EU to charge Microsoft over web browser ruling breach

27 Sep 2012

The European Commission is planning to charge Microsoft for failing to offer some Windows 7 users a choice of web browser following a 2009 ruling.

As a result, Microsoft could be facing a large fine.

At a press conference in Warsaw, Poland, today, Joaquín Almunia, the EU’s Competition Commissioner, said the commission is considering the next steps in its case with Microsoft.

“In the past, we have taken on companies such as Microsoft. To meet one of our concerns, the company pledged to let consumers choose which web browser they would use with its Windows operating system,” said Almunia.

“By its own admission, Microsoft has failed to keep its promise. I take compliance very seriously and we are now considering the next steps,” he added.

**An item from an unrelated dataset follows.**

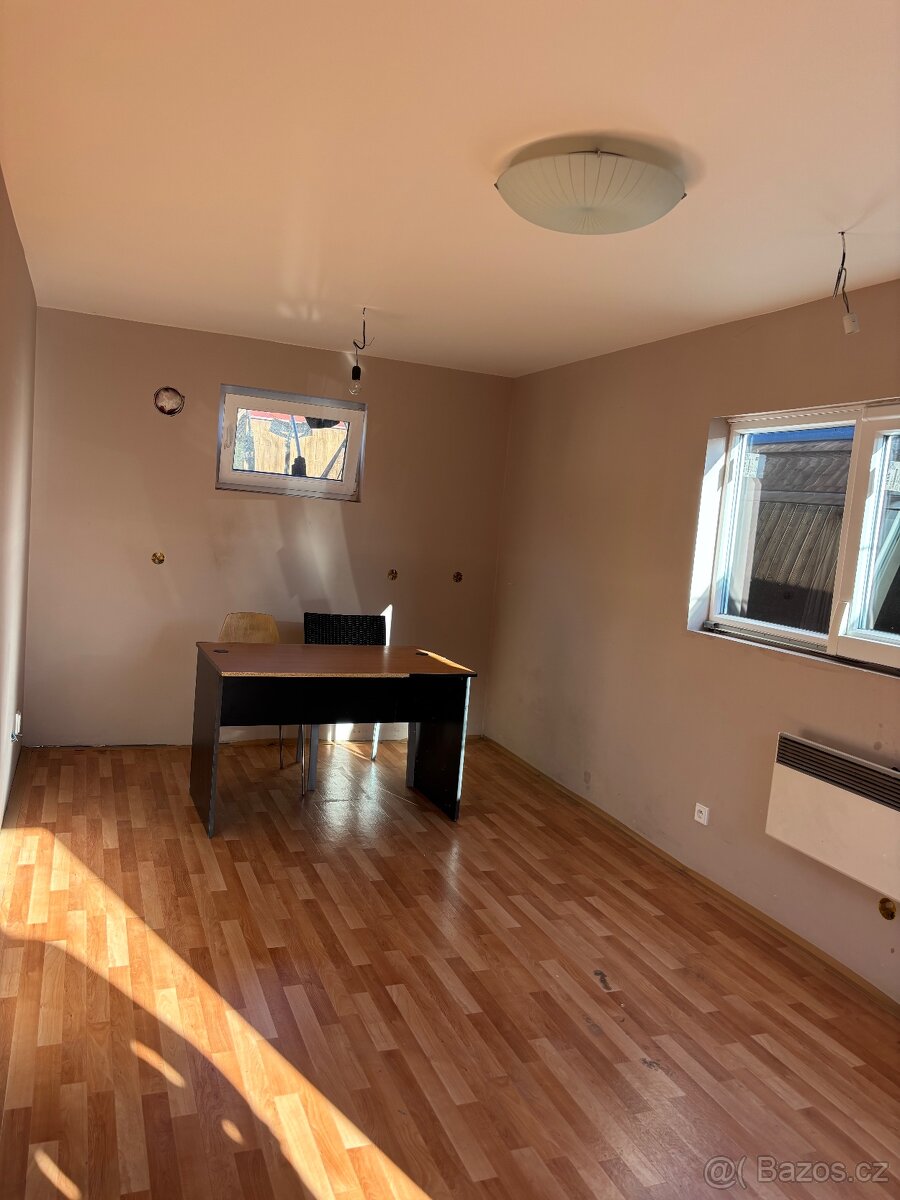 Po rekonstrukci nová buňka možnost jako malou chalupu, nebo - 17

The commission opened an investigation against Microsoft in July. At the time, Microsoft conceded that it failed to display a ‘Browser Choice Screen’ on Windows 7 (Service Pack 1) PCs in Europe.

Meanwhile, Almunia also alluded to the commission’s anti-trust investigation against Google that started two years ago, based on complaints from companies, including Microsoft and TripAdvisor, over the search engine’s competitive dominance.

“We are discussing with the company to see whether we can solve this case with effective commitments in the interest of users. Otherwise, we will need to pursue formal proceedings,” said Almunia today.